Chemotherapy while revolutionizing cancer management by improving survival and quality of life; is also associated with several adverse effects. Lung is the most common organ affected in chemotherapy-related complications, due to either drug toxicity or more commonly due to infections caused by immunosuppression and less commonly due to immune-mediated injury. Radiology, when used in combination with clinical and lab data, can help reach the specific diagnosis or narrow down the differentials. The common radiological patterns of drug toxicity include pulmonary interstitial and airway infiltrates, diffuse alveolar damage, nonspecific interstitial pneumonia, eosinophilic pneumonia, cryptogenic organizing pneumonia, pulmonary hemorrhage, edema and hypertension. Cancer patients are immunosuppressed due to the underlying malignancy itself or due to therapy and are prone to a gamut of opportunistic infections including viral, bacterial, fungal and mycobacterial pathogens. Immune reconstitution inflammatory syndrome (IRIS), a well-known complication in HIV, is now being increasingly recognized in non-HIV patients with immunosuppression. Engraftment syndrome is specifically seen following hematopoietic stem cell transplant during neutrophil recovery phase. Pulmonary involvement is frequent, causing a radiological picture of noncardiogenic pulmonary edema. Thus, radiology in combination with clinical background and lab parameters helps in detecting and differentiating various causes of pulmonary complications. This approach can help alter potentially toxic treatment and initiate early treatment depending on the diagnosis.

Introduction

Treatment in cancer patients with chemotherapeutic agents is an integral part of management. These drugs are also used as conditioning regimen during hematopoietic stem-cell transplantation. Though these agents have brought many revolutions in the management of patients with cancer by improving the survival and quality of life, these are also associated with several adverse effects and may lead to significant morbidity.[1], [2] Among all the organs, lung is the most commonly affected with 75% patients suffering from some form of pulmonary infections[3] due to direct toxic effects on lungs or because of secondary complications due to immunosuppression leading to opportunistic infections. Less commonly, immune recovery induced by dose or regimen alterations may cause immune-mediated lung injury.[4], [5] Chemotherapy-induced lung toxicity may manifest as both acute as well as chronic lung disease.[6] Common cytotoxic drugs implicated in lung toxicity are bleomycin, methotrexate, taxanes, cyclophosphamide, gemcitabine and newer targeted agents such as bevacizumab.[7], [8]
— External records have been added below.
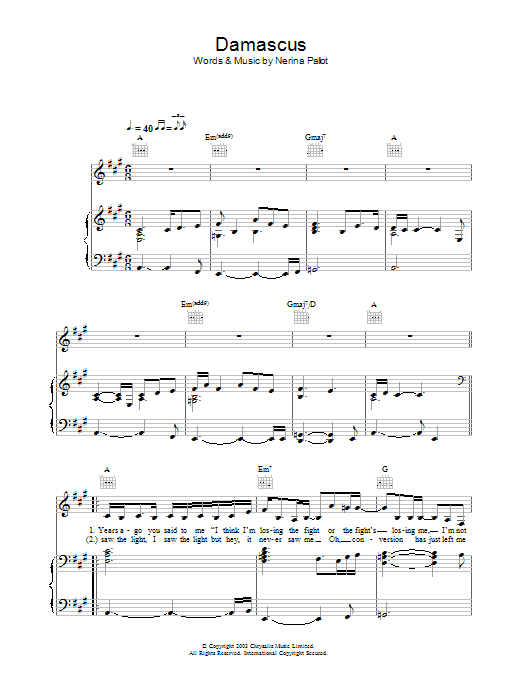 Nerina Pallot Damascus sheet music notes and chords arranged for Piano, Vocal & Guitar Chords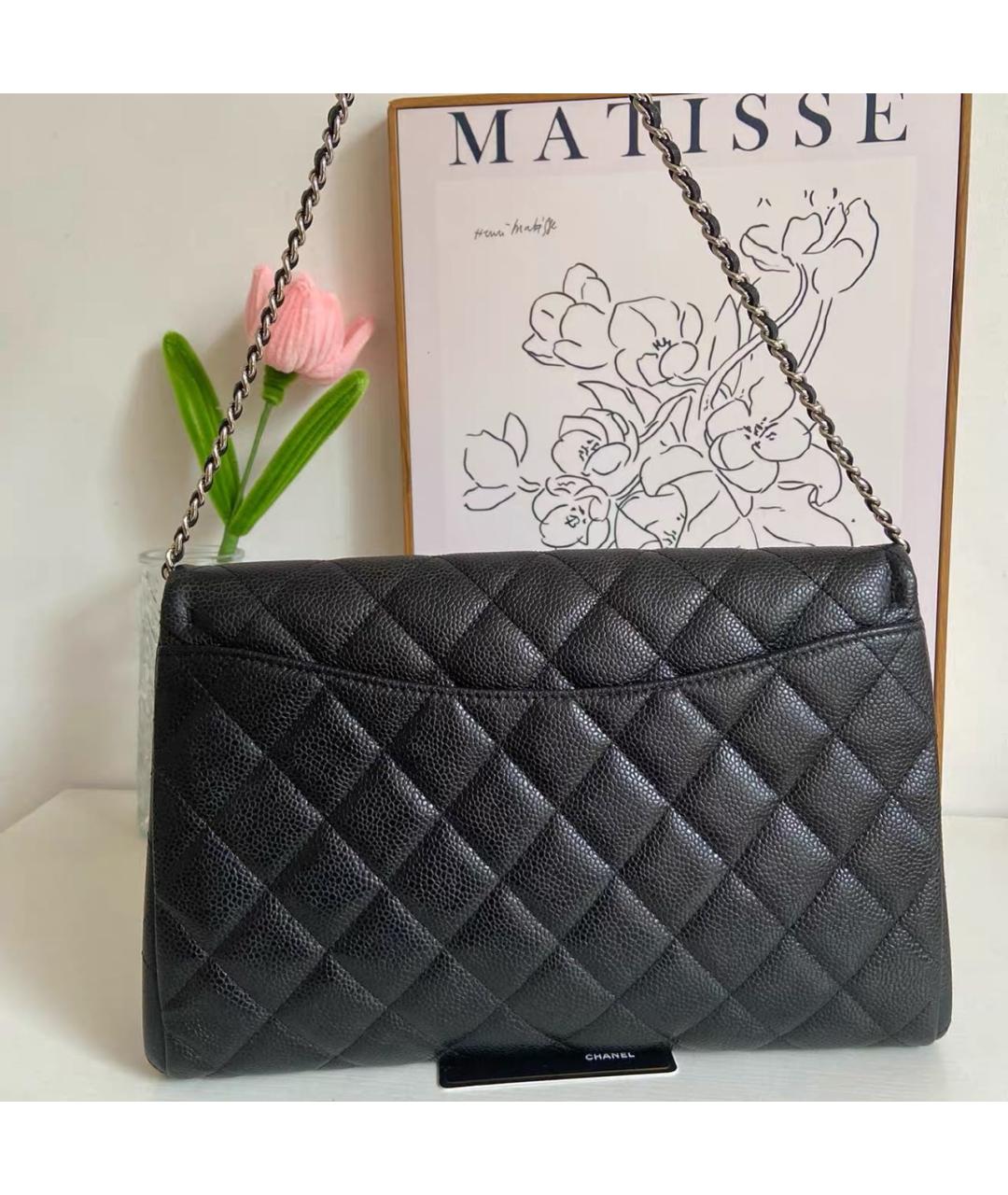 CHANEL Черная кожаная сумка через плечо, фото 4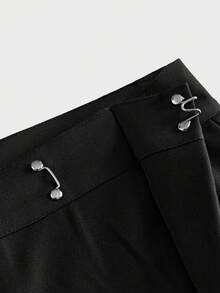AXEPEAK Men's Solid Color Pleated Wide Leg Pants - Black - View 5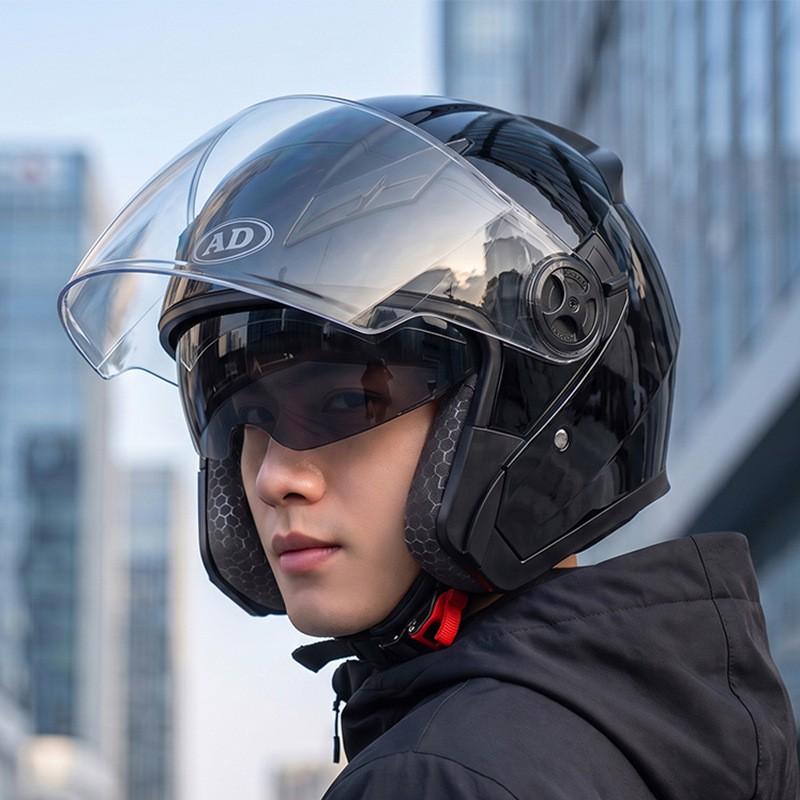 3/4 Motorcycle Helmet Men Women 3C Certified Electric Bike Half With LED Light All Season Commuter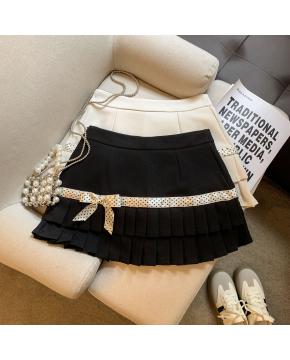 韩系学院风波点百褶半身裙春新款高级感小个子蝴蝶结短裙裤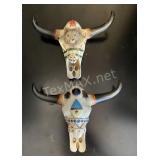 2- Small Western Cow Skulls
The cytotoxic drugs act on the rapidly dividing cells, while many of the newer targeted-agents have specific molecular targets, and this understandably follows different mechanisms of drug toxicities.[9], [10] Clinically, patients with drug toxicity may have nonspecific findings varying from being asymptomatic to progressive dyspnea. Clinicoradiological findings may be difficult to differentiate from infection, which is also common in these patients. Chest radiographs and HRCT chest are imaging modalities used to assess pulmonary complications.

Radiological features of pulmonary drug toxicity are often nonspecific. Thus, correlation with clinical details, including treatment history with the imaging findings is essential to reach the closest differential diagnosis. Recognition of the pattern of lung involvement would help narrow down the diagnosis and also help in follow up to look for resolution. Often bronchoalveolar lavage (BAL) and cytology or lung biopsy needs to be performed to establish a definite diagnosis. Still, several cases may remain undiagnosed and empirical treatment may be considered based on a consensus between the treating clinician and radiologist.

In this review, we aim to illustrate CT features of various chemotherapy-induced pulmonary complications which help in reaching to close differentials.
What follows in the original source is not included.